The buses are noise, vibration, and emissions-free, compared with similar units with internal combustion systems. During the first year of operations, the fleet is estimated to prevent the emission of 21,900 tons of CO2 a year and 526 kilograms of PM 2.5 polluting particles. As to the costs, it will be 60% cheaper than combustion buses.
Among Latin American countries, Colombia has been at the forefront in its efforts to implement sustainable transport. In 2012, seeking to mitigate the emission of greenhouse gases that contribute to climate change, the nation adopted the Colombian Low Carbon Development Strategy (ECDBC in Spanish), part of the National Development Plan. Since then, the efforts made by the government of Ivan Duque to face climate change have primarily focused on the transport sector.
Colombia has indicated that the electrification of the country’s transport fleet, including buses and taxis, is among its priorities and, as a result, it has one of the largest electric taxi fleets in Latin America and a pilot project for the development of electric buses.
Although many obstacles persist, the efforts made provide a solid ground on which to expand the use of and adoption of these vehicles. Given that hydropower accounts for 75% of power generation, the electrification of the transport fleet can result in a significant reduction of greenhouse gases.

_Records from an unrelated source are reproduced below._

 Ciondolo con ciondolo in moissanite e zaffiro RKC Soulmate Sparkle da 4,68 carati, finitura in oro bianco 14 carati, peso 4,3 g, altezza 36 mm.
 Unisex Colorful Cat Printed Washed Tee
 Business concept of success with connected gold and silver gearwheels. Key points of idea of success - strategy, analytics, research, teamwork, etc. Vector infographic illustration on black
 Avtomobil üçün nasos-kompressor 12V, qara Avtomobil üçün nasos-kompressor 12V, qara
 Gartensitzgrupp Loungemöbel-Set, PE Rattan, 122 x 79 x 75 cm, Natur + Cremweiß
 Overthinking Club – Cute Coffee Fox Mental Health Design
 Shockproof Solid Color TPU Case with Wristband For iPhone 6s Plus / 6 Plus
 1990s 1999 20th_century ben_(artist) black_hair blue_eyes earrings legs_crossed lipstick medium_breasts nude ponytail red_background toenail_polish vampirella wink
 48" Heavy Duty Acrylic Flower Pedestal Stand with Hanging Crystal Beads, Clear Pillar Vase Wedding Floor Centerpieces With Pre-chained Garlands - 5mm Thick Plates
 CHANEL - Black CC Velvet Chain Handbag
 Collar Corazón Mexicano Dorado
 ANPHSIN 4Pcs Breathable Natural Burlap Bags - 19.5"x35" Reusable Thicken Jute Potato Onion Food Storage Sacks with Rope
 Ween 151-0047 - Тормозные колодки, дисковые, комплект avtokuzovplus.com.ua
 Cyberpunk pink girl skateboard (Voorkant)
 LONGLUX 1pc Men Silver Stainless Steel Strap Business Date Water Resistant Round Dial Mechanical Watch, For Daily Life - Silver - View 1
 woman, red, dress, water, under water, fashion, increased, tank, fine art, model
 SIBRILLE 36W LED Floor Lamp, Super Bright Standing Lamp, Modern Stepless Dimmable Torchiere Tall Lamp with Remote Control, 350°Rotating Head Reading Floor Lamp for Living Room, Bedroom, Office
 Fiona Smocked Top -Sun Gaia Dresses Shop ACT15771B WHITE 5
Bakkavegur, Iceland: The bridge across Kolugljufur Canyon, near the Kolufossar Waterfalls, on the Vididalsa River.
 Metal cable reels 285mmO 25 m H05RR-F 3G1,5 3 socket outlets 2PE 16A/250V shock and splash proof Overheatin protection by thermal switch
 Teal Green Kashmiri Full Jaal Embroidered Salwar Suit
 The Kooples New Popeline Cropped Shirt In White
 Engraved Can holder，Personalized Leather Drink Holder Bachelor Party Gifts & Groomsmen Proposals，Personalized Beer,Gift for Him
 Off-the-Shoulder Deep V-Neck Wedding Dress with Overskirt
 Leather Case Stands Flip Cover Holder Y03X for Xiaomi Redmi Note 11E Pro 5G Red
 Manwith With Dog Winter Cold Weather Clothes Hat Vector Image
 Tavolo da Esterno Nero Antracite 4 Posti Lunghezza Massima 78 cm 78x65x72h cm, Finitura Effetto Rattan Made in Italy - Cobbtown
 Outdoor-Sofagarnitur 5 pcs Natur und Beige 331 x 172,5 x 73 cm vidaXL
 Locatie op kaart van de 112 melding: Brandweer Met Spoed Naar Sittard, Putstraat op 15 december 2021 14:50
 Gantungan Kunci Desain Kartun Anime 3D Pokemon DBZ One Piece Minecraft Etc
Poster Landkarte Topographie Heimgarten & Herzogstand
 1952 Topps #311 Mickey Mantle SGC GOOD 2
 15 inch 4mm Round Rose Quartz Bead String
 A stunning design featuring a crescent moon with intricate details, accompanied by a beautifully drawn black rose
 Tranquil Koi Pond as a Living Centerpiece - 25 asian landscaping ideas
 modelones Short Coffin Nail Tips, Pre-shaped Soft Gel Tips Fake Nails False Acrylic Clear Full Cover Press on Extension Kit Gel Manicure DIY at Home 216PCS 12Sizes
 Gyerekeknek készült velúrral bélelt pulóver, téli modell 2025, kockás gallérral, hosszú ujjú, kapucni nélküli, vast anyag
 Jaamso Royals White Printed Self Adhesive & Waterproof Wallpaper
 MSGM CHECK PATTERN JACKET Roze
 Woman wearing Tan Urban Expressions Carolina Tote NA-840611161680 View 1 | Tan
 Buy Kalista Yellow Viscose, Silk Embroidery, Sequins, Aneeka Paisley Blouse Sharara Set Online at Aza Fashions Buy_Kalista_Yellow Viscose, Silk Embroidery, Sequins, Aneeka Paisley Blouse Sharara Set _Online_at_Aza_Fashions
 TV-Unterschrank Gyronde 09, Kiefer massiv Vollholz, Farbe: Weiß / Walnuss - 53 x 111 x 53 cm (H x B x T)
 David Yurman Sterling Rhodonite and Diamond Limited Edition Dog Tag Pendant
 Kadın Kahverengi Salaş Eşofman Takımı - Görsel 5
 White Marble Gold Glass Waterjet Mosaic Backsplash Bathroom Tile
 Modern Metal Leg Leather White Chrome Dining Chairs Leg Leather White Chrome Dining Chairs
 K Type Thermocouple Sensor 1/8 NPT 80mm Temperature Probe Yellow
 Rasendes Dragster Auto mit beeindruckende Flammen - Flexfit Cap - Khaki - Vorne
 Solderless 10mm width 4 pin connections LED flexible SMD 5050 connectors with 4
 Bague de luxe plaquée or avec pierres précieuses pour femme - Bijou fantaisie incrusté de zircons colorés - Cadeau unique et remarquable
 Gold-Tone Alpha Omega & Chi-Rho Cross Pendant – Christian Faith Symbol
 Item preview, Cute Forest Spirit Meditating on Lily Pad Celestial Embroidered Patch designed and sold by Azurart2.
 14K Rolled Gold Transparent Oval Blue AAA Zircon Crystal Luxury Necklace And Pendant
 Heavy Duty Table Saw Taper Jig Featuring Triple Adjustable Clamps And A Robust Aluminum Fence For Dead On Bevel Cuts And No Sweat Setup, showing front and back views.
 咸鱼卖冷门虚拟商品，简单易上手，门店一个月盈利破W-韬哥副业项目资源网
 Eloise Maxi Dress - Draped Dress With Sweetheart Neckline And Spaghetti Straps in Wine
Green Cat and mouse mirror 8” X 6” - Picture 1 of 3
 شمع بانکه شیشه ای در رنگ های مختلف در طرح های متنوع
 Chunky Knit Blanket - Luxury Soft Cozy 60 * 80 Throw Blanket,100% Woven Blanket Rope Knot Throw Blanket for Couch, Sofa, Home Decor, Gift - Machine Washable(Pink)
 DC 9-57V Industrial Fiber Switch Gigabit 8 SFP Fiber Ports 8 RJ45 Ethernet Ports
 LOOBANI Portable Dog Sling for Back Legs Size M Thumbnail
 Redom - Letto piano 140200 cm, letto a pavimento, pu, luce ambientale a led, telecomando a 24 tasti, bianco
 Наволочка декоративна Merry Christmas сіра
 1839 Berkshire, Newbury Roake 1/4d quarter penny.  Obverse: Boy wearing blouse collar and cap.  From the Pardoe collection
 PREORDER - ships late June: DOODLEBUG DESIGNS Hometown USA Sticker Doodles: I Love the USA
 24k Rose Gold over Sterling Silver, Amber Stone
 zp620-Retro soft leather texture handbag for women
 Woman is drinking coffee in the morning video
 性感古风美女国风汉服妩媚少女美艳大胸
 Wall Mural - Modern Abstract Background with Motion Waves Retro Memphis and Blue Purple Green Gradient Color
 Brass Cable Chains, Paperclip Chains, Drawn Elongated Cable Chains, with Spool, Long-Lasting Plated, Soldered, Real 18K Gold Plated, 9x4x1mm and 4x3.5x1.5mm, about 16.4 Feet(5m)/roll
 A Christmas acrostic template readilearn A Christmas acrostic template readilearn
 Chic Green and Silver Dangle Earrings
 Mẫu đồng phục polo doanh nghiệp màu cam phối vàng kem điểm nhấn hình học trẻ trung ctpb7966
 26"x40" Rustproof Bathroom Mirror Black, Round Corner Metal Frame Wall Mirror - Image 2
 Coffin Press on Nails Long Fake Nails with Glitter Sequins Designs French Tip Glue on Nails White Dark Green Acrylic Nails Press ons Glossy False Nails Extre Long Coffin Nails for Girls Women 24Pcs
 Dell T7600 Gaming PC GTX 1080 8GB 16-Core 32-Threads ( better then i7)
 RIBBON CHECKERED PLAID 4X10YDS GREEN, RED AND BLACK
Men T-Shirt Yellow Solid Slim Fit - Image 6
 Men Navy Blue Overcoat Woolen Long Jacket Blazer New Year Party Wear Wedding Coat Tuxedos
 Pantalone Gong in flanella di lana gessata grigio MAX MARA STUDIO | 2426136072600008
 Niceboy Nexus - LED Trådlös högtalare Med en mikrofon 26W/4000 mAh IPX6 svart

The first electric vehicles were introduced in this country back in 2012, when power companies Codensa and Emgesa associated with Mitsubishi to test a 15-vehicle fleet of the model I-MIEV.9. That year, Bogota launched a pilot plan to test electric taxis in association with Codensa, the civil society, and local taxi companies. The participating taxi companies tested Mitsubishi’s I-MIEV and BYD’s E6. The E6 was selected for a 43-unit electric fleet unit.
Chinese EV manufacturers have conquered a continuously expanding market.
The Renault Kangoo, a small van, and the Renault Twizy, a two-passenger vehicle, were incorporated into the market in 2014 and 2015, respectively. The BMW i3 and Nissan LEAF arrived in Colombia in 2015; late that year, there were already 126 EVs in the streets, 25 of which belong to private owners, while the rest is owned by corporate entities.
In-house green production
In order to reduce their carbon footprint, Latin American governments are implementing –maybe not with the necessary speed – measures to encourage EV consumption. These initiatives include three Latin American electric vehicles. A Bolivian car manufactured by Quantum, a Brazilian car manufactured by Santa Catarina in collaboration with Mobilis, and an Argentinian car made by Sero Electric.
Also, Mexico has considered building a Chinese EV plant. Meanwhile, JAC has plans to produce this type of vehicle in a plant located in Hidalgo.